While Couture insists he's done, he recently told Steve Cofield that the UFC would have to really "step up" to get him back. That vague phrase could mean a lot of things. Does he mean step up with a better fight offer? Step up with a cushy executive gig like Chuck Liddell's? We don't know, but we do know that's not something you say if you're absolutely, 100 percent done. It's more like something you say when you're 90 percent done, but could always be coaxed out by one last enormous payday.

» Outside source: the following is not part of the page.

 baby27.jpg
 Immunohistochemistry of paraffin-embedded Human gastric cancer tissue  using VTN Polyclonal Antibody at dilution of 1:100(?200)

IV. At this point, MMA could benefit more from Couture's retirement than from his continued participation.
As our own Mike Chiappetta wrote earlier this week, Couture has always had a bit of the advocate in him. That voice has necessarily been muted while under contract with the UFC, but once he's out he could be the leader on issues like fighter pay, health insurance, pension funds – maybe he could even be the driving force behind creating a fighter's union that would address all those issues. MMA needs an elder statesman with the clout and the fearlessness necessary to lead that charge. It also needs someone willing take on this battle even though he doesn't personally need the spoils from it. If that someone isn't Couture, then who? And when?

V. According to oddsmakers, Couture is probably going out on a loss.
Machida is greater than a 3-1 favorite all across the board, and when you look at Couture's recent performances you can see why. His best chance to win this is to do to Machida what he did to Brandon Vera, making this a slow, boring fight that takes place almost entirely in the clinch. He could potentially win that way, but is that really how he wants to spend his final 15 minutes in the Octagon? True, it would at least dampen the UFC's incentive to try and lure him out of retirement later, but every good showman knows that the key is to leave them wanting more, even if you have no intention of giving it to them.

VI. He'd been on this earth 43 years and 255 days when he beat Tim Sylvia for the UFC heavyweight strap, making him the oldest man to ever become a UFC champion. That's a record that's going to stand for a while. Or at least until Anderson Silva retires to become a professional dancer, gets bored, and comes back to beat up whichever poor sap is keeping his belt warm by then.

VII. How much does the success of Couture's latest retirement attempt depend on the success of his acting career?
Unlike many Americans, Randy probably isn't the type to spend his retirement watching Fox News and shopping around for the best price on a leafblower. He's got to stay busy, and he seems to think that his acting career is right on the verge of taking off. The thing is, as anyone who's seen him act already knows, he's probably not getting the call to join the Royal Shakespeare Company any time soon. He's not a bad actor – at the very least, he's better than Channing Tatum – but at the same time, a 47-year-old guy with cauliflower ear who's still just learning the craft will probably never be a leading man. If he does decide to come back to MMA, let's just hope it's because he really wants to, and not because he's run out of acting gigs.

VIII. Seriously, Randy? It's really going to be over for real this time? Win or lose? After a fight with Lyoto Machida, of all people? Okay, if you say so...

IX. But wait, you're telling me that even an offer to fight Fedor Emelianenko, just once, for an outrageous amount of money, that wouldn't be enough to convince you to lace 'em up one last time?
No? Please don't take this the wrong way, Randy, but I don't believe you.